Kalimat ini merupakan syarat yang terakhir yang harus dilakukan pembaca untuk membuat Sampian Sesayut ini dapat digunakan sebagai sarana upacara yaitu dengan menambahkan porosan, bunga dan kembang rampe. Setelah hal ini dilakukan maka seluruh proses mejejahitan Sampian Sesayut telah selesai atau telah mencapai tujuannya. 2.1.2 Pola Bahasa Jika dilihat dari pola bahasanya, ada beberapa ciri yang dapat kita temui dalam wacana mejejahitan Sampian Sesayut diatas. - Bagian judul biasanya hanya berupa sebuah frasa nomina yang menyebutkan nama atau jenis jejahitan yang akan dibuat yaitu Sampian Sesayut. Bagian judul ini dibuat sesingkat dan sejelas mungkin yang juga sekaligus dijadikan tujuan atau goal yang ingin dicapai. - Wacana diatas terlihat lebih banyak menggunakan verba aksi pasif seperti dipotong,di lipat, dituas, dan dibentuk. Verba tindakan atau action yang harus dilakukan sesuai dengan petunjuk yang disampaikan dalam wacana. - Biasanya sebuah teks procedural sering menggunakan pola kalimat perintah.

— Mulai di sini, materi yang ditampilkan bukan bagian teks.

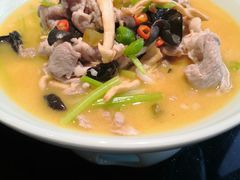 黄焖黑山羊-梅飞酒家(名辉豪庭店)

Namun dalam wacana diatas, bagian instruksi/petunjuk lebih sering menggunakan kalimat pasif seperti pada kalimat “janur dipotong menjadi dua buah, kedua potongan janur tersebut dilipat dan lidi bagian atasnya dibuang”. Dengan menggunakan kalimat pasif, petunjuk yang diberikan sifatnya cenderung hanya memberitahu atau tidak memberikan perintah secara langsung. - Ciri lainnya adalah digunakannya kata penghubung yang menunjukkan urutan seperti pertamatama, selanjutnya, kemudian, dan setelah itu yang dapat ditemukan pada bagian instruksi atau langkah-langkah pembuatan pada wacana di atas.

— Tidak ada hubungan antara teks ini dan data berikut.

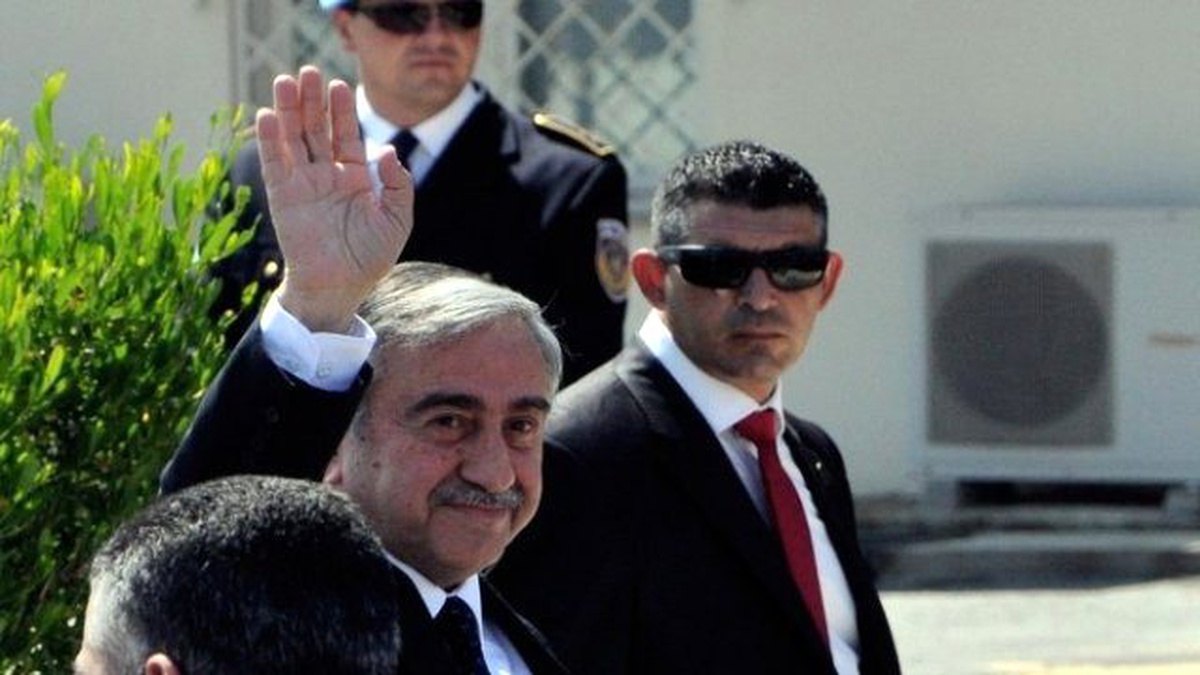 Akıncı ile Anastasiadis Kıbrıs Müzakereleri Kapsamında Bir Araya Geldi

2.2 Metanding Seperti telah disebutkan sebelumnya, metanding juga merupakan salah satu kegitan untuk menata segala sarana yang akan digunakan untuk membuat suatu haturan/persembahan kepada Tuhan. Dalam pelaksanaannya, terdapat berbagai jenis haturan atau banten yang disesuaikan dengan maksud dan tujuan upacara, antara lain adalah metanding banten soda (ajuman). Agar masyarakat tidak salah atau kurang dalam metanding banten soda ini, maka diberikan petunjuk atau arahan yang dapat dijadikan pedoman bagi pembaca, seperti diuraikan sebagai berikut:
BANTEN SODA (AJUMAN) Banten Soda biasanya dihaturkan pada waktu Piodalan, di Merajan, Sanggah, maupun pura-pura besar lainnya. Hampir semua hari-hari suci keagamaan dan hari-hari besar Umat Hindu lainnya selalu menggunakan jenis banten ini. Alas paling dasar dari banten ini adalah bisa dulang, bokoran, keben, atau nare. Apapun alasnya isinya adalah sama. Bahan dan alat: - aled - buah-buahan - tape gede - jajan bagina, jajan uli, apem, jajan roti, dan sebaginya - nasi soda - rerasmen (kacang, saur, garam, dan sambal) - sampian soda - canang Cara menatanya: - Aled diletakkan sebagai dasar, kemudian di luanan (di depannya) diisi pisang satu ijas dan setengah ijas, tebu satu batang tugelan. Di atasnya diisi Tape Gede. Disusuni jajan uli dan jajan begina. Dtambah dengan jajan-jajan lainnya seperti apem, roti, humkwe, cerorot dan sebagainya. - Di sela-sela jajan tersebut diisi pula dengan buah-buahan seperti: apel, salak, anggur, sumaga (jeruk), dan yang lainnya. - Di belakangnya (di teben), diisi dengan rerasmen kacang saur dari alas Ceper Slepan Sibakan, di atasnya diisi ceper juga yang ada Tangkih Durasnya berisi garam dan smabal. Jika memungkinkan dilengkapi pula dengan kecarum. - Selanjutnya disusun pula dengan Nasi Sodan, yang berbentuk Untek dua buah, Wadah Tekir serta lauk pauk. Setelah semuanya lengkap barulah diisi Sampian Sodan, dan bunga serta dilengkapi juga dengan beberapa canang.
2.2.1
Struktur wacana
1) Judul Bagian ini terdapat di bagian paling atas wacana dengan huruf capital yang ditebalkan yaitu BANTEN SODA (AJUMAN). Sama seperti pada wacana mejejahitan sampian sesayut, bagian judul ini juga menyatakan tujuan yang ingin dicapai yaitu menghasilkan banten soda (ajuman) yang sudah tertata dengan benar sehingga siap untuk dihaturkan. 2). Bagian awal Bagian ini menginformasikan kepada pembaca mengenai fungsi dari banten soda (ajuman) itu sendiri, kapan biasanya dihaturkan, dan beberapa jenis alas yang dapat dipakai sebaga dasarnya. Bagian ini terletak di bawah judul atau pada paragraph pertama dari teks. Bagian awal pada teks diatas terdapat pada kalimat sebagai berikut: Banten Soda biasanya dihaturkan pada waktu Piodalan, di Merajan, Sanggah, maupun purapura besar lainnya. Hampir semua hari-hari suci keagamaan dan hari-hari besar Umat Hindu lainnya selalu menggunakan jenis banten ini. Alas paling dasar dari banten ini adalah bisa dulang, bokoran, keben, atau nare. Apapun alasnya isinya adalah sama.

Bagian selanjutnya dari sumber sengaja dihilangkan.